About five or six years ago, Bryan Gray started to see the changes.

Whereas his earlier East Hall High football teams fielded more than 80 players, the Vikings’ roster was quickly dwindling. Fewer students were coming out for football, while more and more were calling it quits before graduating.

“Every year, a couple kids disappear from sophomore to junior years,” Gray said. “You could maybe have a senior competing for a position but not really entrenched there, and a lot of times they hang it up. As coaches, we make every effort to retain kids as much as we can.”

Even so, it has been an uphill battle for Gray and his Hall County colleagues.

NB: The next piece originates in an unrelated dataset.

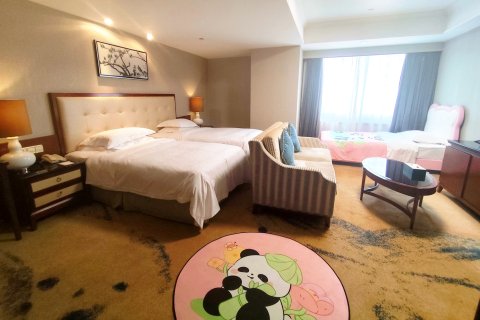 武汉天禄华美达广场酒店(武汉国际广场同济医院店)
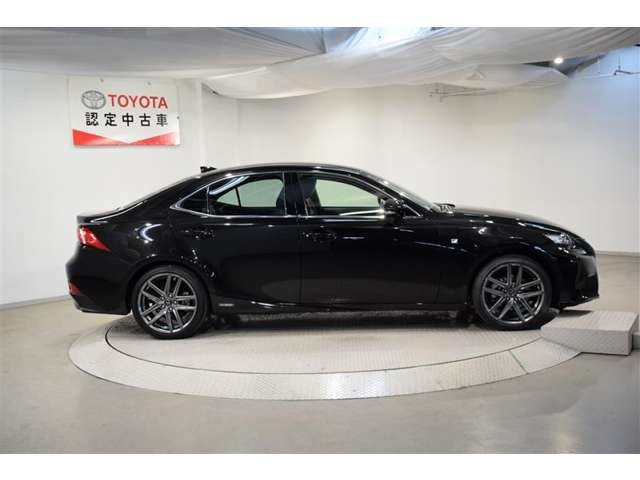 中古車 レクサス Is300h Fスポーツ の中古車詳細 39 000km ブラックメタリック 大阪府 276万円 中古車情報 中古車 検索なら 車選びドットコム 車選び Com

The nine county football teams have seen a significant drop in roster sizes over the past decade, despite the area’s growth and several schools climbing classifications. In 2007, Hall County squads featured an average of 68.4 players, a figure that has dropped to 56.9 this season.

“My best guess would be even more than that,” Gray said of the drop-off in participation. “ … I’d say that’s accurate, if not an even larger number, even with schools here all having several hundred more kids than they did back then.”

Five clubs have weathered double-digit decreases in player totals over the last 10 years, while only two teams — Lakeview Academy and West Hall High — have experienced growth over that span of time. 

The Lions, however, were just beginning their second year having a football program in 2007 and currently field just two more players than they did that season. 

West Hall, which coach Tony Lotti said had only 23 football players when he took over in 2012, is the only Hall County team to see its roster swell amid the recent widespread reduction of high school football players in Northeast Georgia.

“We’ve been able to get kids out and work on the program, starting with the youth and middle school and simply talking to kids in the hallway,” Lotti said. “You have to constantly work your own hallways to get kids out. You’ve got to recruit your own kids.”

That’s one way coaches are combating this trend, which they largely pinned on a culture of “instant gratification” they see in the younger generation. 

Local coaches also pointed to kids specializing in a single sport at the youth level, a practice they strongly discourage for high school athletes.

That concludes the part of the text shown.